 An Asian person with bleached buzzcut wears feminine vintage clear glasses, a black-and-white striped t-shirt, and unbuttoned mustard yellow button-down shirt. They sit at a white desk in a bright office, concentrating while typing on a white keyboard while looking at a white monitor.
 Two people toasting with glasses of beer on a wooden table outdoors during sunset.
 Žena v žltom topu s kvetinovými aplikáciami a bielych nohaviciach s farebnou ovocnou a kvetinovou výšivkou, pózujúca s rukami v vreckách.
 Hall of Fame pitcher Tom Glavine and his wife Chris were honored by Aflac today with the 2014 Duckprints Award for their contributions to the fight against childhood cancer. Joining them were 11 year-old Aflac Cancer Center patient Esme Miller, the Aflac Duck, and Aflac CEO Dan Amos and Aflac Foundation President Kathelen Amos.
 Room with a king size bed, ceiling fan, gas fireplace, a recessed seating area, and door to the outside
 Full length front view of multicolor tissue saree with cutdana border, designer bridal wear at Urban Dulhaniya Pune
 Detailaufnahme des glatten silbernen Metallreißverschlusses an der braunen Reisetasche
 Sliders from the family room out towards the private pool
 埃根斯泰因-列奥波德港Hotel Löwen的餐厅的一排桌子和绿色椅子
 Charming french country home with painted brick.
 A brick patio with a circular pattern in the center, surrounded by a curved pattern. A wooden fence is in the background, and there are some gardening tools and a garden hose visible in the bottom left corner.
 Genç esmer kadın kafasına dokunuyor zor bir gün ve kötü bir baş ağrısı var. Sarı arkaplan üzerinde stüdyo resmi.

--

▶ **The problem**
The only acceptable answer is the full set of entries, repeated exactly.

▶ **Task solution**
 An Asian person with bleached buzzcut wears feminine vintage clear glasses, a black-and-white striped t-shirt, and unbuttoned mustard yellow button-down shirt. They sit at a white desk in a bright office, concentrating while typing on a white keyboard while looking at a white monitor.
 Two people toasting with glasses of beer on a wooden table outdoors during sunset.
 Žena v žltom topu s kvetinovými aplikáciami a bielych nohaviciach s farebnou ovocnou a kvetinovou výšivkou, pózujúca s rukami v vreckách.
 Hall of Fame pitcher Tom Glavine and his wife Chris were honored by Aflac today with the 2014 Duckprints Award for their contributions to the fight against childhood cancer. Joining them were 11 year-old Aflac Cancer Center patient Esme Miller, the Aflac Duck, and Aflac CEO Dan Amos and Aflac Foundation President Kathelen Amos.
 Room with a king size bed, ceiling fan, gas fireplace, a recessed seating area, and door to the outside
 Full length front view of multicolor tissue saree with cutdana border, designer bridal wear at Urban Dulhaniya Pune
 Detailaufnahme des glatten silbernen Metallreißverschlusses an der braunen Reisetasche
 Sliders from the family room out towards the private pool
 埃根斯泰因-列奥波德港Hotel Löwen的餐厅的一排桌子和绿色椅子
 Charming french country home with painted brick.
 A brick patio with a circular pattern in the center, surrounded by a curved pattern. A wooden fence is in the background, and there are some gardening tools and a garden hose visible in the bottom left corner.
 Genç esmer kadın kafasına dokunuyor zor bir gün ve kötü bir baş ağrısı var. Sarı arkaplan üzerinde stüdyo resmi.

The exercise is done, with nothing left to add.